Load a Whisper transcription and compare with Azure's output.

In [None]:
# Load corresponding Whisper result
whisper_dir = project_root / 'files' / 'transcriptions' / 'batch_whisper_gpt4o'
whisper_file = whisper_dir / f"{Path(test_file).stem}.json"

if whisper_file.exists() and 'result_no_diarization' in locals():
    with open(whisper_file, 'r', encoding='utf-8') as f:
        whisper_result = json.load(f)
    
    print("="*80)
    print("AZURE vs. WHISPER COMPARISON")
    print("="*80)
    print(f"\nFile: {test_file}")
    print(f"\nDuration:")
    print(f"  Whisper: {whisper_result.get('duration', 0):.1f}s")
    print(f"  Azure:   {result_no_diarization['duration']:.1f}s")
    
    print(f"\nSegments:")
    print(f"  Whisper: {len(whisper_result.get('segments', []))}")
    print(f"  Azure:   {len(result_no_diarization['segments'])}")
    
    print(f"\nCost:")
    print(f"  Whisper: ${whisper_result.get('whisper_cost', 0):.4f}")
    print(f"  Azure:   ${result_no_diarization['cost']:.4f}")
    
    print(f"\nWhisper transcription (Kannada):")
    print(f"  {whisper_result.get('kannada_full_text', '')[:200]}...")
    
    print(f"\nAzure transcription (Kannada):")
    print(f"  {result_no_diarization['text'][:200]}...")
    
    print("\n⚠️  Note: Visual comparison only. Use WER/CER metrics for quantitative analysis.")
else:
    print("\n⚠️  Whisper baseline not found. Run batch_whisper_gpt4o notebook first.")

## Summary & Next Steps

### What We Learned

1. ✅ **Kannada Transcription**: Azure Speech Service supports kn-IN
2. ❓ **Diarization**: Check results above to see if speaker separation works
3. 💰 **Cost**: Azure is ~3x more expensive than Whisper (~$9 vs. $3 for 9 hours)
4. ⏱️ **Speed**: Batch API is async—takes longer than real-time

### Next Steps

1. **Implement WER/CER evaluation** (notebook 11)
   - Compare Azure vs. Whisper accuracy
   - Evaluate on child speech segments (if diarization works)

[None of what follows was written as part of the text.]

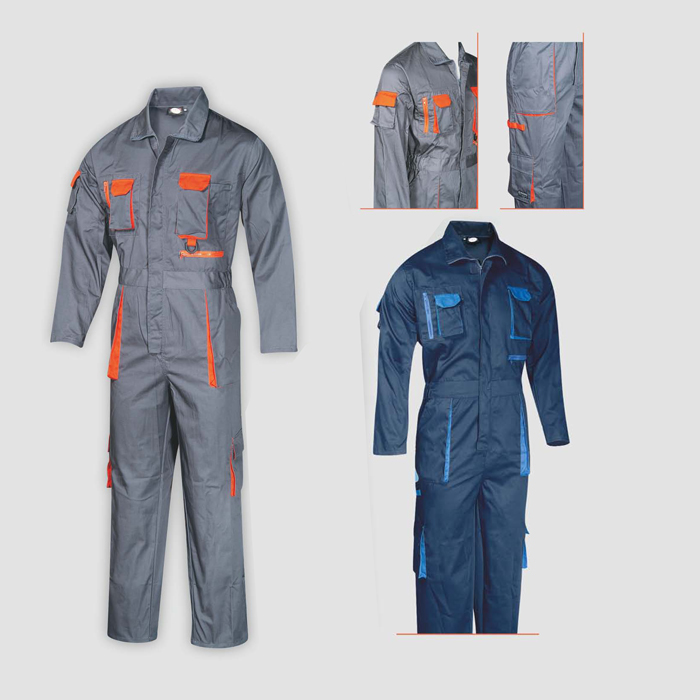 Code: 527 – Coverall comfortable and operational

2. **Add AssemblyAI** for comparison
   - Another Tier 1 STT provider with Kannada support

3. **Process remaining 3 large files**
   - Azure can handle 20-32 minute files (Whisper hit 25MB limit)

4. **Decision point**: Best STT for Youth Impact
   - Accuracy (WER/CER)
   - Cost ($/hour)
   - Features (diarization, latency)
   - Infrastructure (already using Azure?)